Millions of new trees have been pledged after a study indicates their ‘mind-blowing potential’ to tackle the climate crisis
A slew of tree-planting schemes have been announced following findings by Swiss scientists that mass-scale reforestation has “mind-blowing” potential to help combat the climate crisis.
According to the study, published in July by researchers at the Crowther Lab in Zurich, planting trees across the 0.9bn hectares of land suitable for reforestation globally could capture as much as two-thirds of all emissions that have been released by human activities.
Since the report’s publication, local and national governments as well as companies have pledged to plant millions of trees.
Last month, the Woodland Trust launched its Big Climate Fightback awareness campaign, encouraging people in the UK to help plant 1m trees on 30 November. Michael Peacock from the charity, said: “Planting trees is the natural solution – they absorb harmful CO2 and produce oxygen. But we are not planting anywhere near enough.”
Earlier in the summer, Lancaster City Council urged residents to help fulfil a plan to plant 1m across north Lancashire as part of the Northern Forest scheme. Cornwall Council also pledged to cover 8,000 hectares of the county with trees.
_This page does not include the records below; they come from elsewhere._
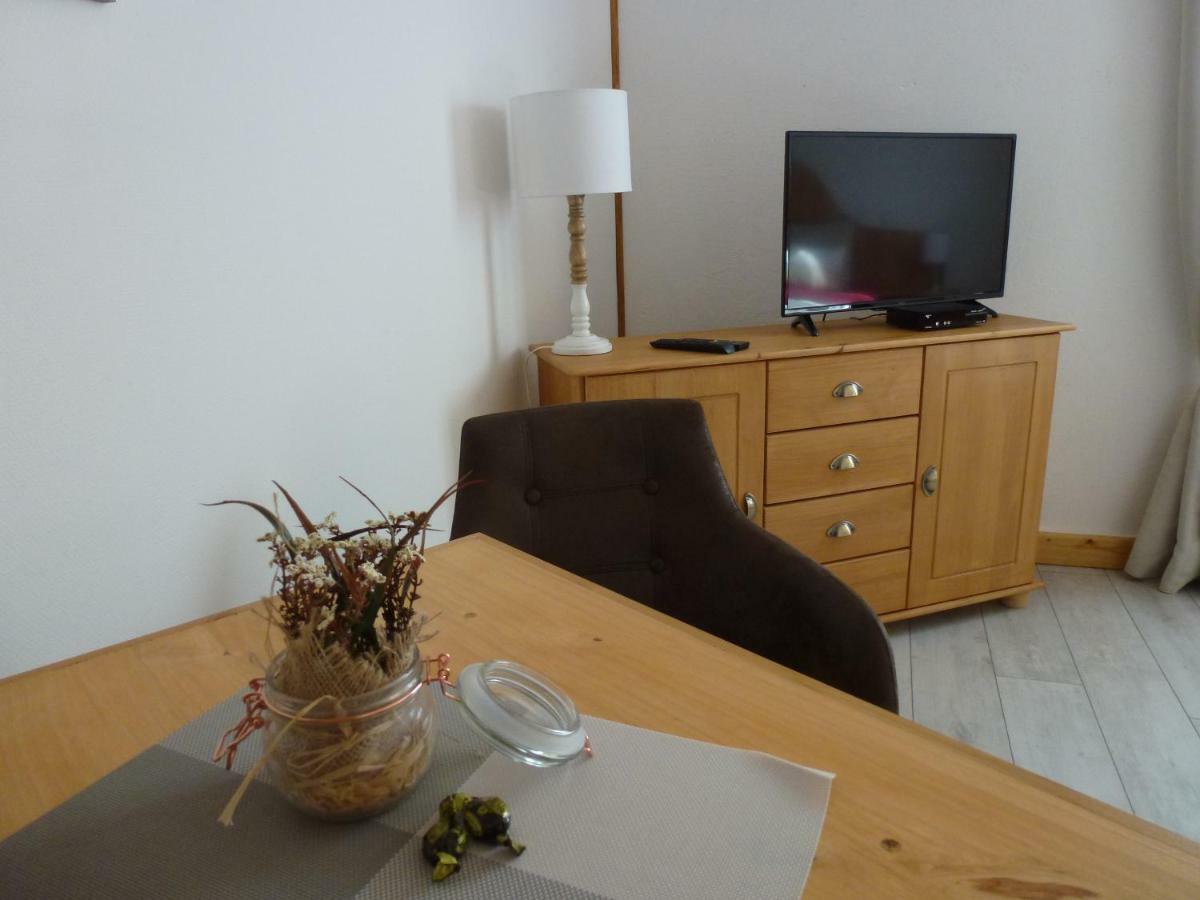 Redspring Chambres D'Hotes Coligny Exterior foto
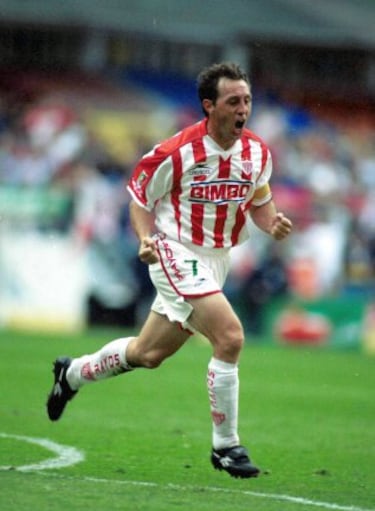 Álex Aguinaga revela el motivo por el que nunca jugó en el América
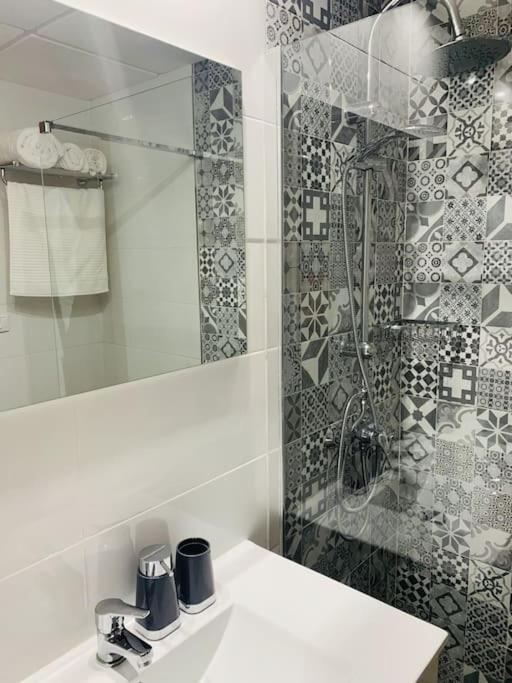 Alterhome Luminoso Estudio Con Piscina Y Maravillosas Vistas Torremolinos Ngoại thất bức ảnh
In August, Ireland’s government announced plans to plant 22m trees each year until 2040.
Planting trees is a tangible way people can make a difference
Further afield, boot brand Timberland has pledged to support the planting of 50m trees by 2025. First, it will work on projects in the US, Dominican Republic, Haiti, China and Mali. Social enterprise search engine Ecosia, which uses its revenue to support reforestation, reported a spike in downloads in August, in response to the fires devastating the Amazon. The Berlin-based company has pledged to plant an extra 3m in Brazil next year.
“[Planting trees is] a tangible way people can make a difference,” said Tracey West, chief executive of The Word Forest Organisation, a charity that supports tree planting in Kenya.
However, such schemes have attracted criticism. Activist and writer George Monbiot said in a Guardian column that tree planting schemes were in danger of becoming “tokenistic”.
“In many places rewilding, or natural regeneration – allowing trees to seed and spread themselves – is much faster and more effective, and tends to produce far richer habitats,” he wrote.